Ramanujan came from a poor family in Madras. He travelled to England in 1914 with the intention of publishing his equations. He met Professor Hardy at Cambridge University, who became a close friend. Hardy tried to teach Ramanujan how to prove his equations. Apart from Hardy very few of the professors at Cambridge accepted him, partly because of his unconventional approach to Mathematics, partly because he was an Indian.
This is a beautiful film that concentrates on Ramanujan's personal life, in particular his relationships to his wife, his mother and Hardy. Even though the film has to do with complex mathematical issues, everything is presented in a way that remains entertaining to the majority of viewers who only learnt Mathematics for a few years at school.
Let me make a comment on the quote at the beginning of this post. It was spoken by Ramanujan in the film, because he was a deeply religious man (a Hindu). Maybe he really spoke these words when he was alive. If he did, he was wrong. Let me explain my reasoning.

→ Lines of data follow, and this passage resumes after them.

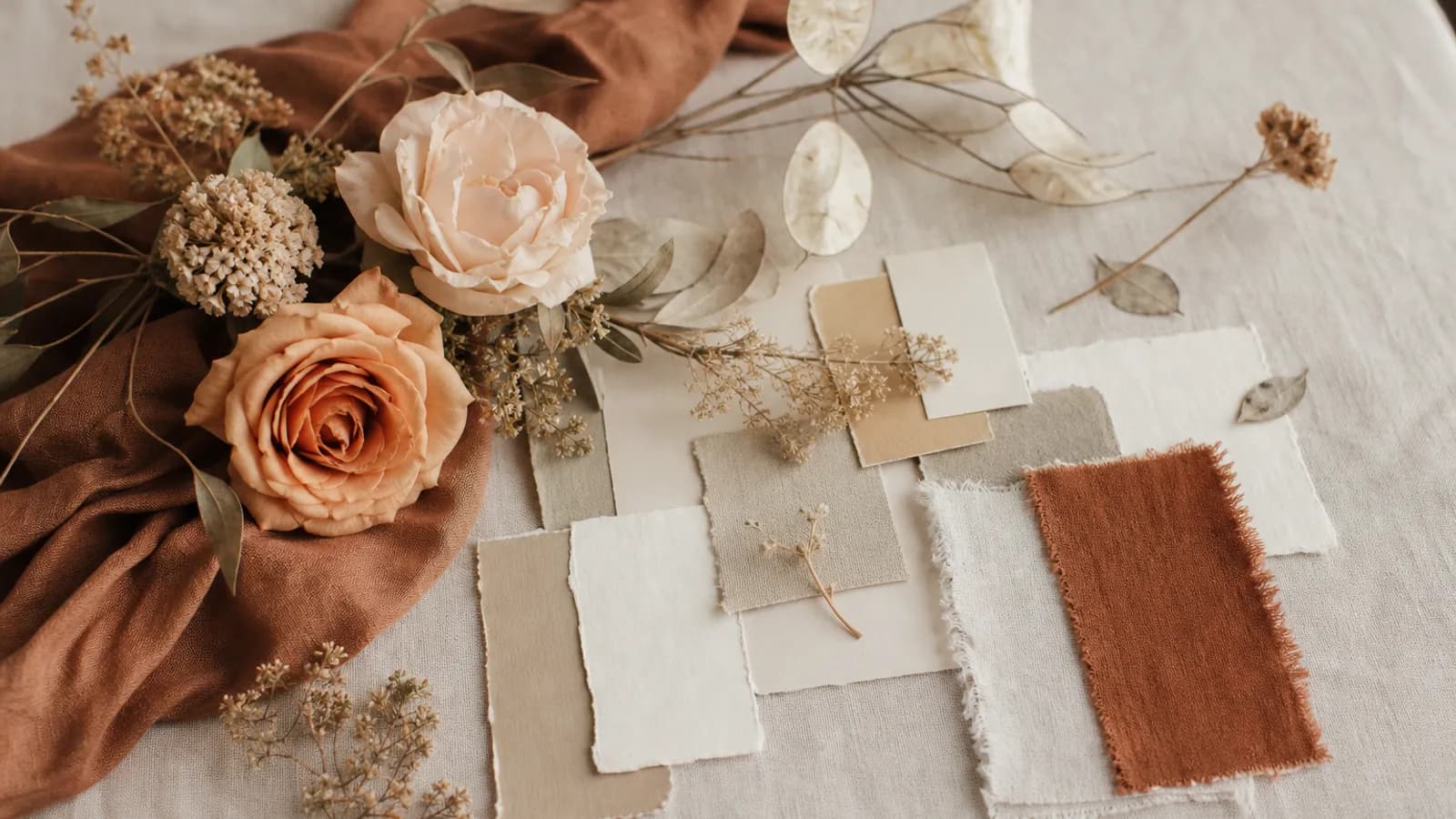A mood board for a wedding theme with fabric, flowers and color swatches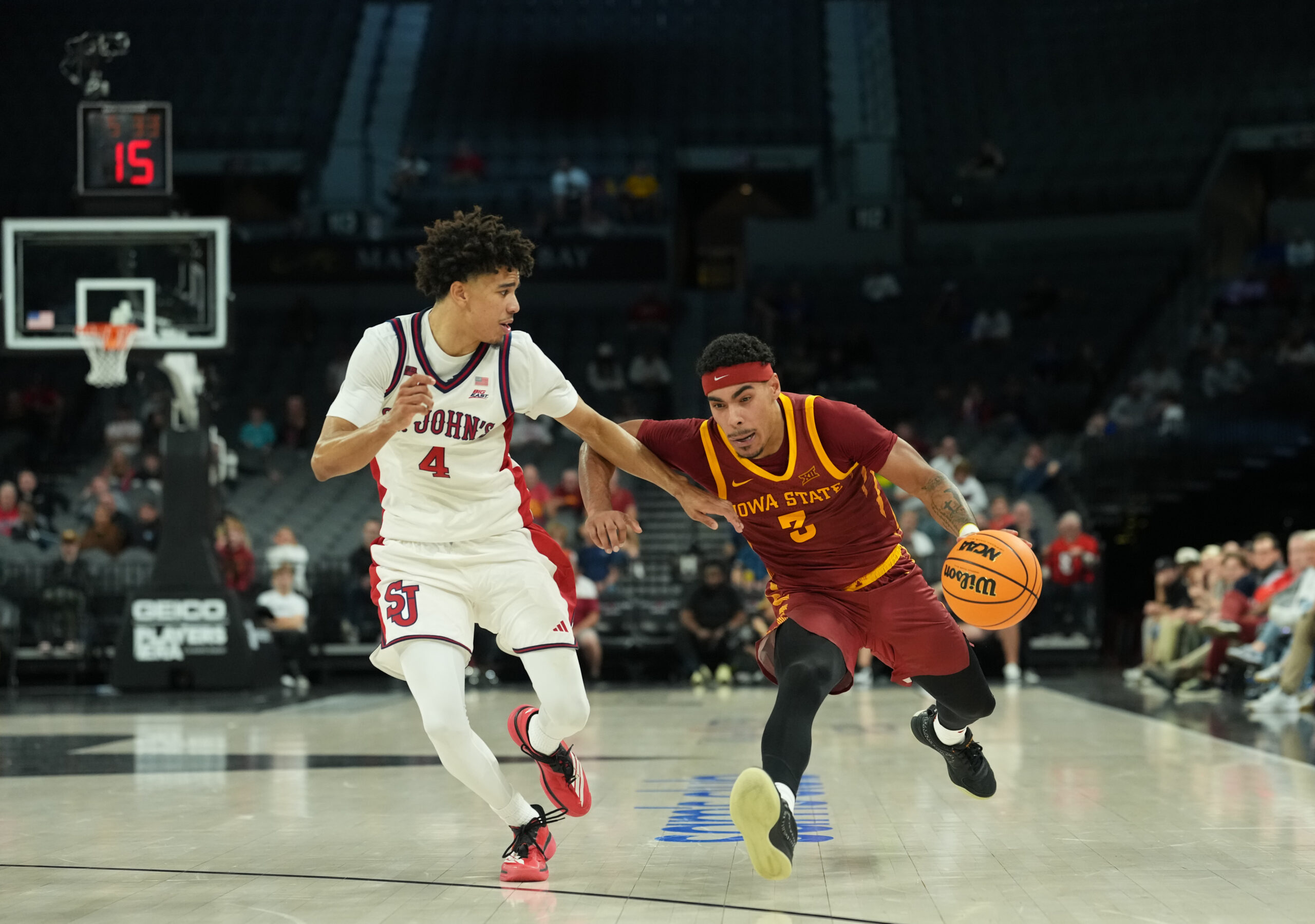 Nov 24, 2025; Las Vegas, Nevada, USA; Iowa State Cyclones guard Tamin Lipsey (3) drives to the hoop past St. John's Red Storm guard Oziyah Sellers (4) during the second half in a 2025 Players Era Festival group play game at Michelob Ultra Arena. Mandatory Credit: Kirby Lee-Imagn Images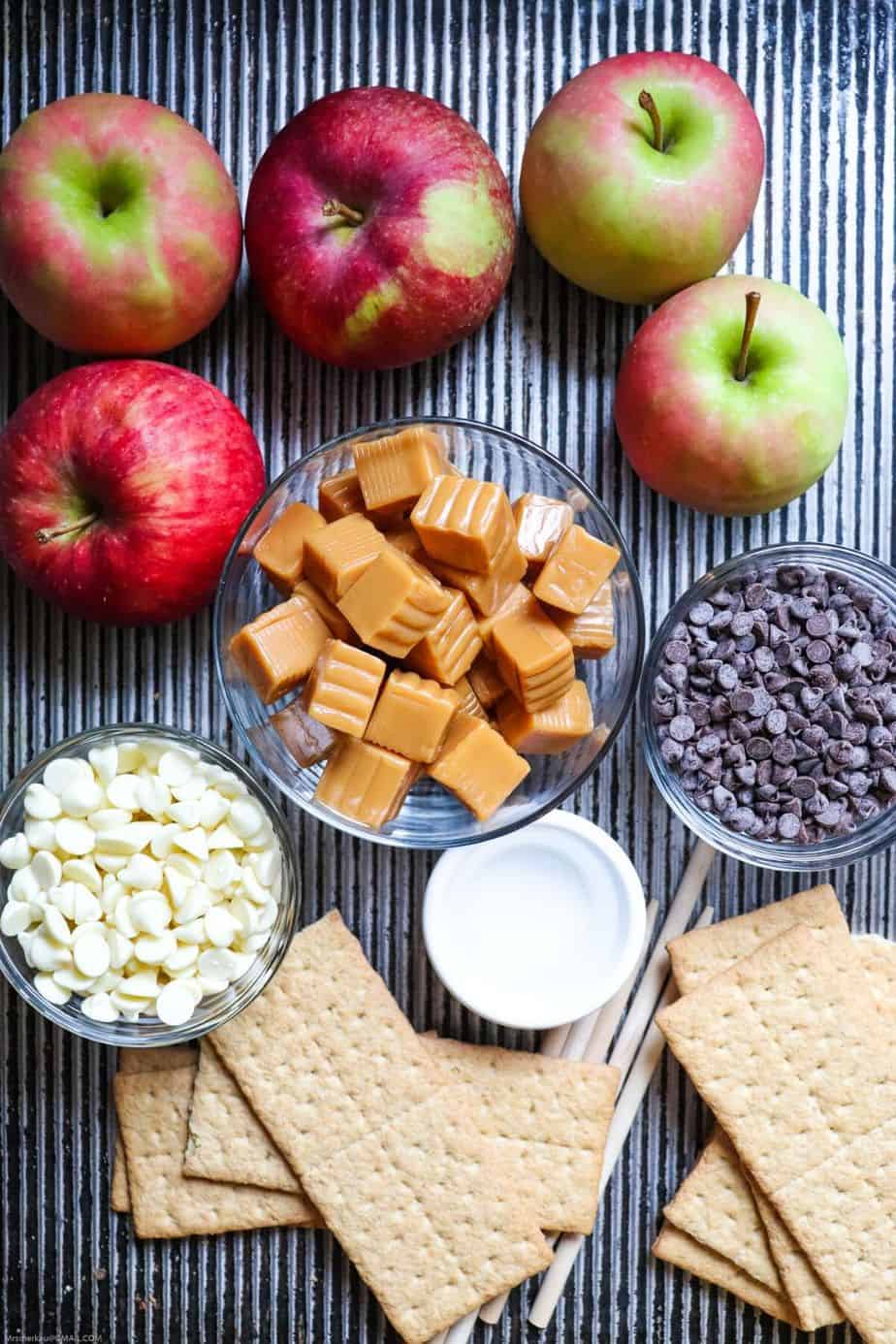 Nothing says fall like crisp apples. Add a sweet twist to your apples with this easy and delicious Homemade Caramel Apples recipe. This is a fun fall apple dessert to decorate and eat! These yummy apple snacks will be a hit, #applerecipe #caramelapples #candyapples #falldessert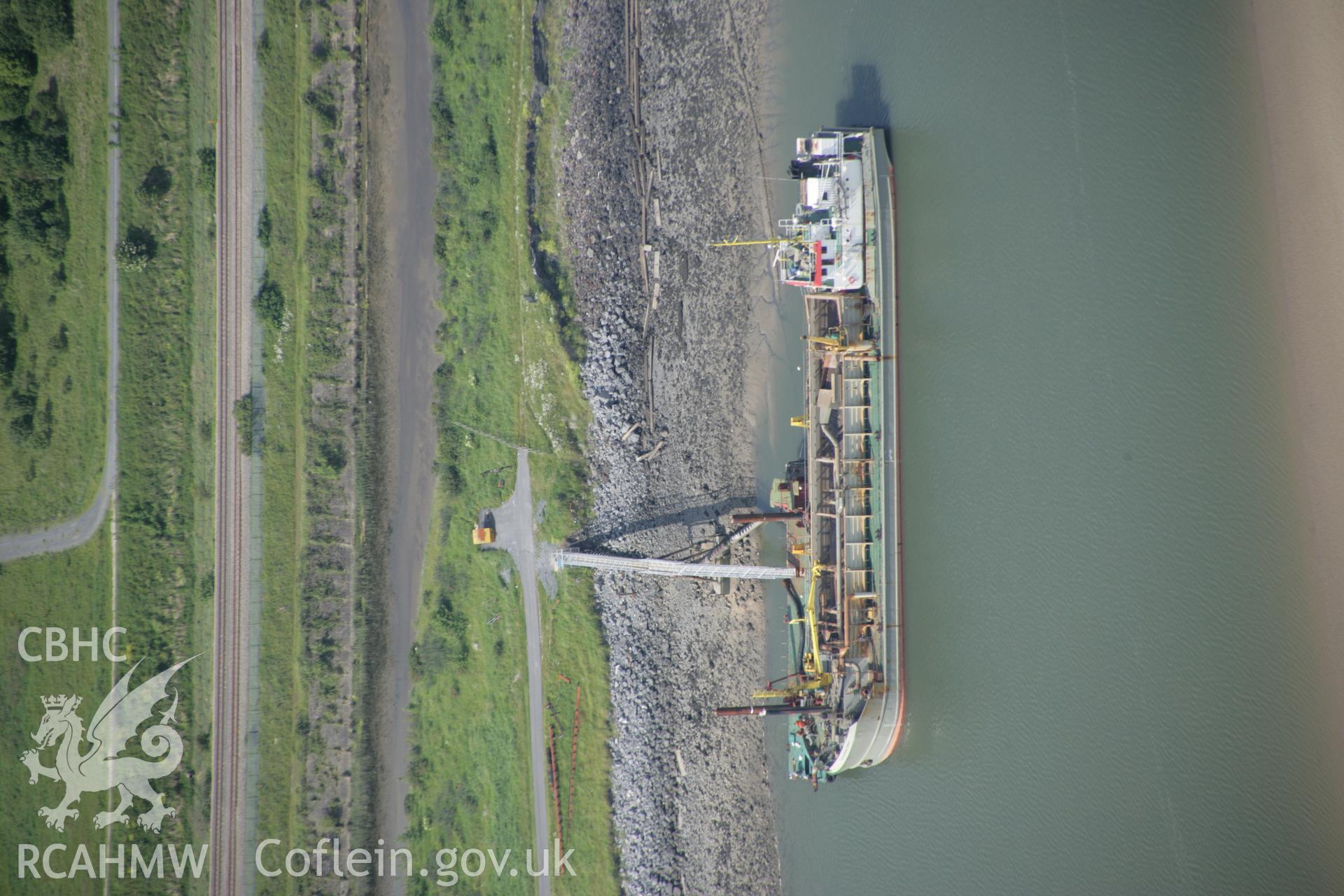 RCAHMW colour oblique aerial photograph of Burry Port with a tanker docked to the east of the town. Taken on 09 June 2005 by Toby Driver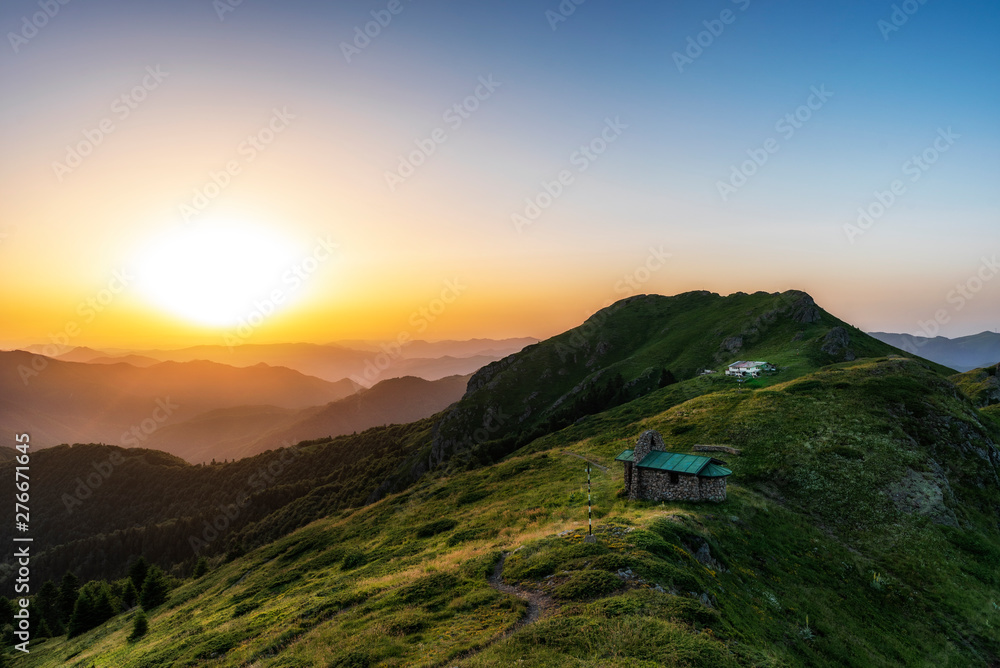 Beautiful clear sky summer sunset in the mountains. Landscape with sun light shining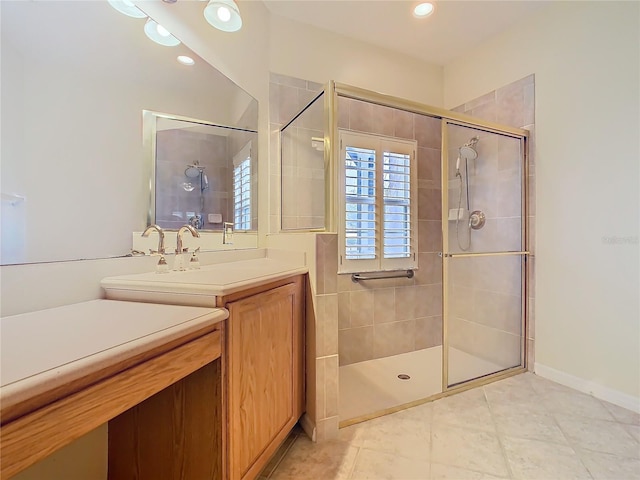 bathroom with a shower stall and vanity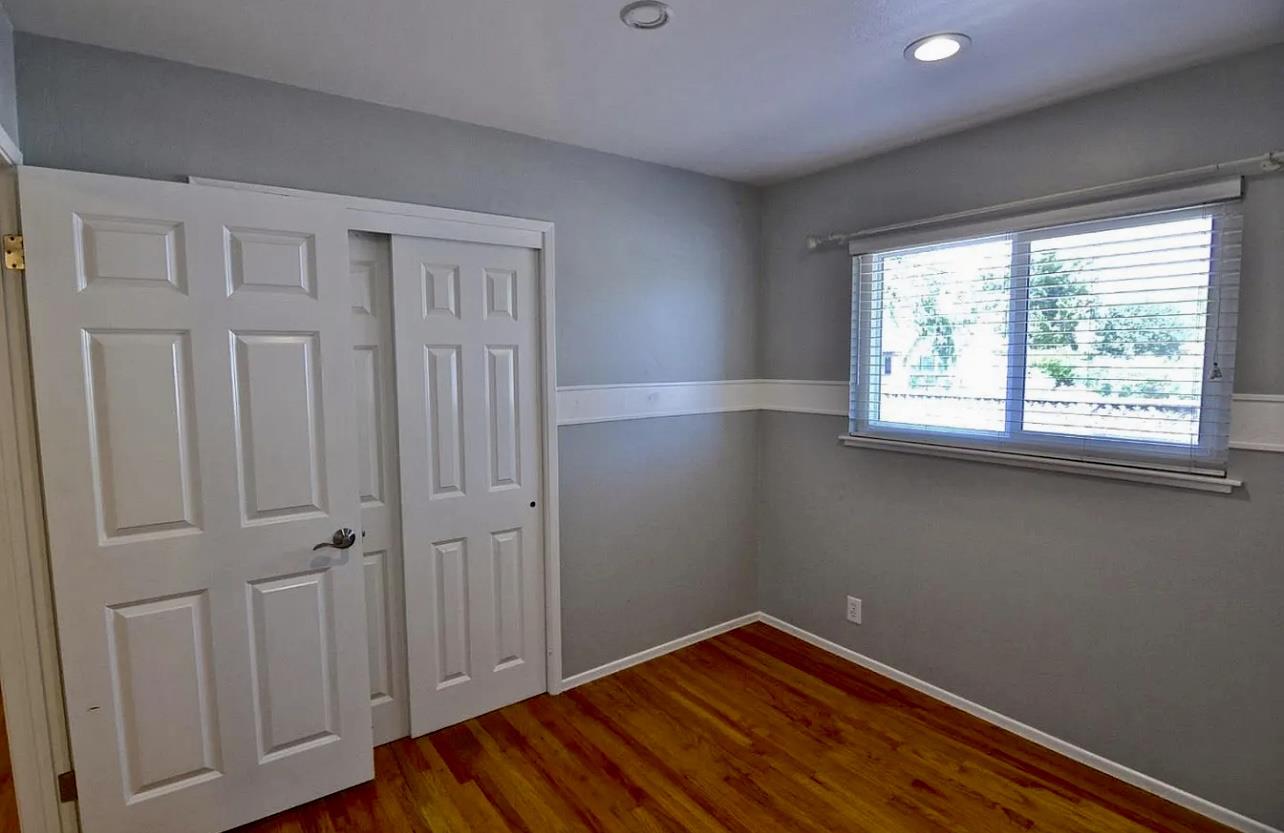 1377 Virginia Avenue Campbell, CA 95008 - Photo 26 of 29 an empty room with wooden floor and windows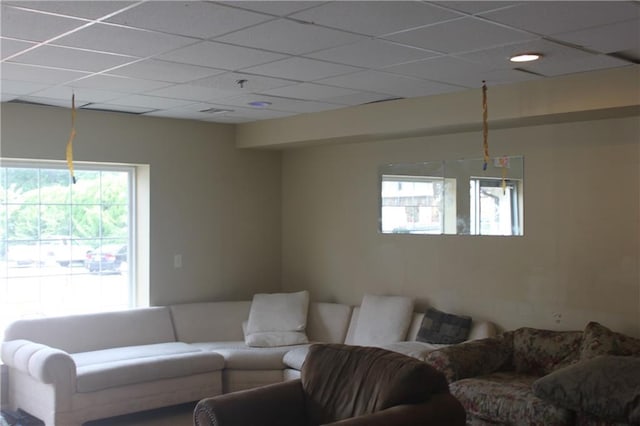 living room featuring a drop ceiling and a wealth of natural light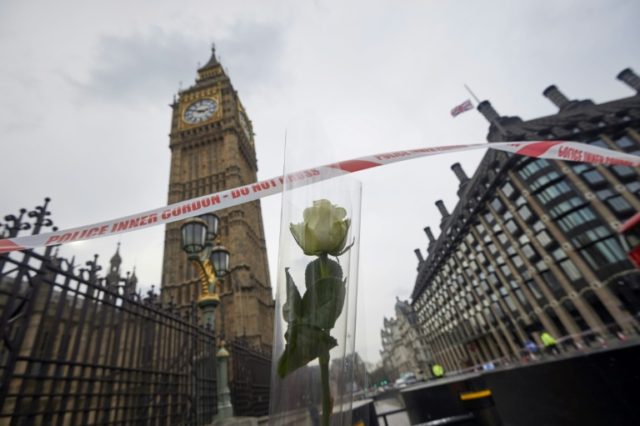 A flower left in tribute to the victims of the London March 22 terror attack placed next t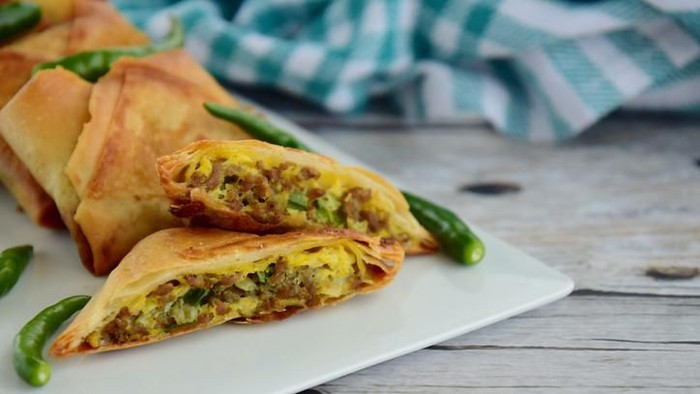 making spring rolls, commercial kitchen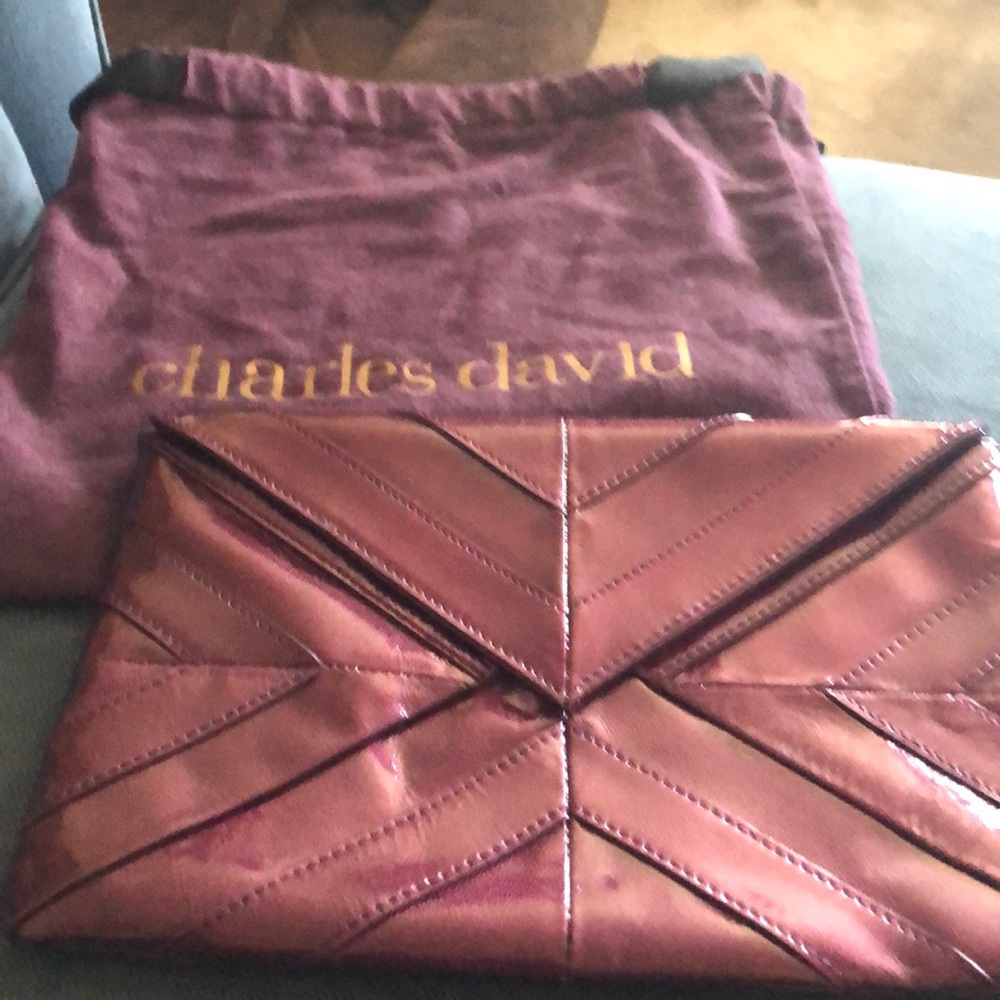 Charles David   Purple clutch In good shape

Let's assume for a moment that God exists. Let's also assume that God created the universe. An omnipotent God could have created any number of universes. He could have created a universe in which our planet is the base with nothing beneath us, i.e. we would live on a flat planet. He could have created a universe without gravity, where unattached objects float off into space. However, God couldn't have created a universe in which 1 + 1 = 3. Mathematical principles predate God, and God doesn't have the power to change them. In fact, mathematical principles would exist if neither God nor the universe had ever existed. God isn't omnipotent when it comes to Mathematics. He has to obey its rules, just like we do. When we study Mathematics we're learning absolute truths that are greater than God. Equations, if they are true, aren't words spoken by God, they're words that God himself must listen to in awe.